Plasma soluble TREM2 is associated with plasma pTau-181 and pTau-231 in cognitively normal older adults at risk of Alzheimer's disease

Background: CSF and blood soluble TREM2 (sTREM2) levels have been found to increase at early stage of Alzheimer's disease (AD). The relationships between sTREM2, AD-related biomarkers, and other neuroinflammation biomarkers remain unclear. Moreover, the impact of rare variants in TREM2 gene (R47H/R62H), which are associated with increased risk of AD, on plasma sTREM2 has not been elucidated.

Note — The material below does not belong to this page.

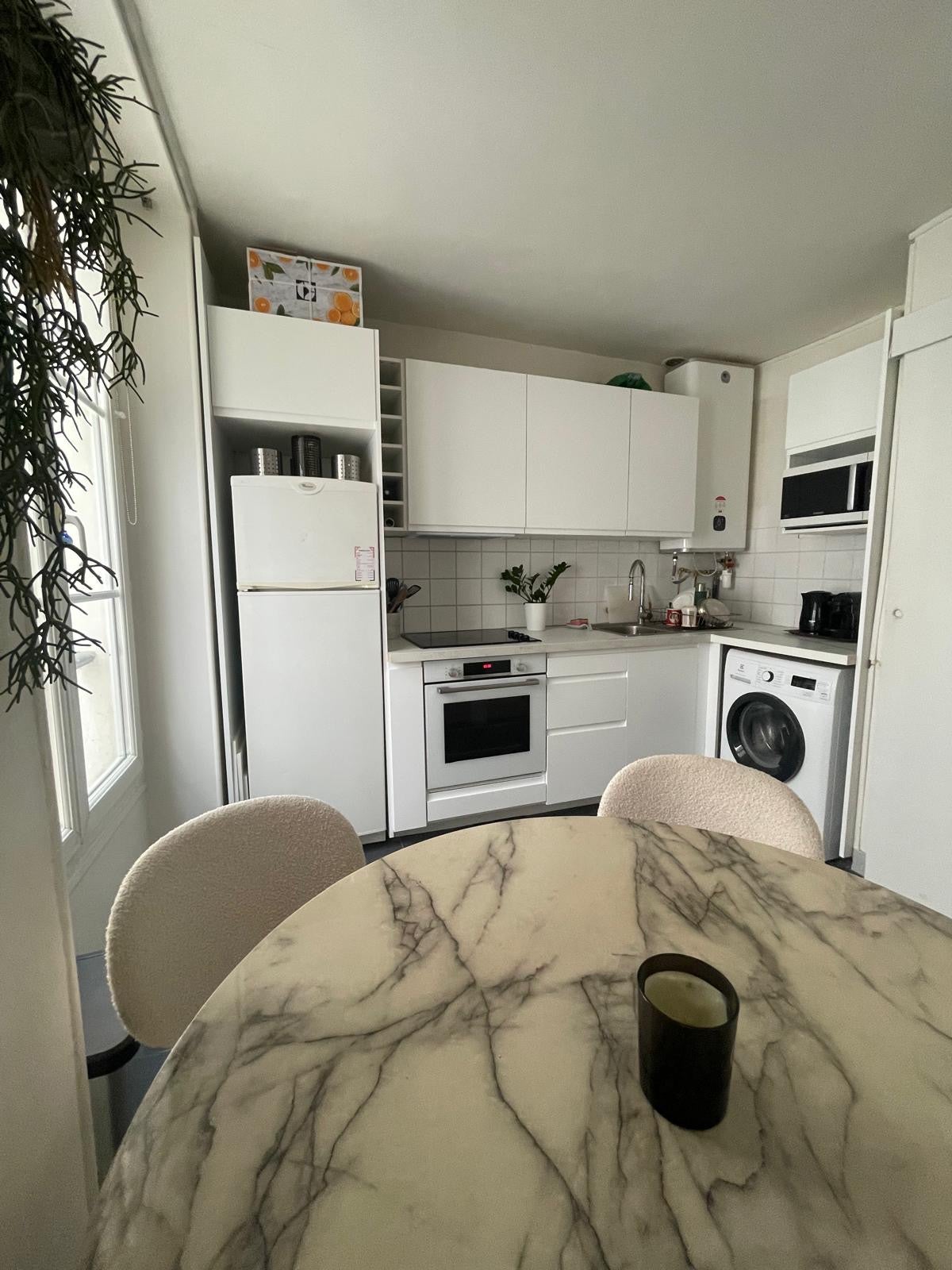 Appartement Rue du Pont Neuf à Paris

Objective: Investigate the association of plasma sTREM2 levels with brain amyloid-β (Aβ) load and AD-related blood biomarkers, i.e., phosphorylated tau (pTau)-181, pTau-231, GFAP, NFL, and other neuroinflammation and peripheral inflammation markers in cognitively normal (CN) older adults at risk of AD (CN Aβ+) compared to CN Aβ-, including the effect of AD-linked TREM2 rare variants.
Methods: Plasma sTREM2 concentrations were measured by MesoScale Discovery (MSD) assay from the KARVIAH cohort. Participants underwent cognitive tests and PET amyloid imaging. Genetic data and blood biomarkers were included for correlation analysis. Associations with plasma sTREM2 were investigated upon stratification by PET-Aβ load SUVR ((CN Aβ- (n = 65) and CN Aβ+ (n = 35)) as the main analysis. A subgroup analysis based on the TREM2 R47H and R62H genotype was conducted as exploratory analysis.
Results: Plasma sTREM2 positively correlated with plasma pTau181, and pTau231 in CN Aβ+ group. Plasma sTREM2 positively correlated with serum microglial kynurenine pathway metabolites. Plasma sTREM2 and brain Aβ load were higher in R47H TREM2 carriers compared to non-carriers.
Conclusions: Our findings suggest plasma sTREM2 relates to downstream tau processes in amyloid-positive individuals, providing novel insights into the roles of peripheral TREM2 signaling that reflects microglial activity in early AD neuropathological development.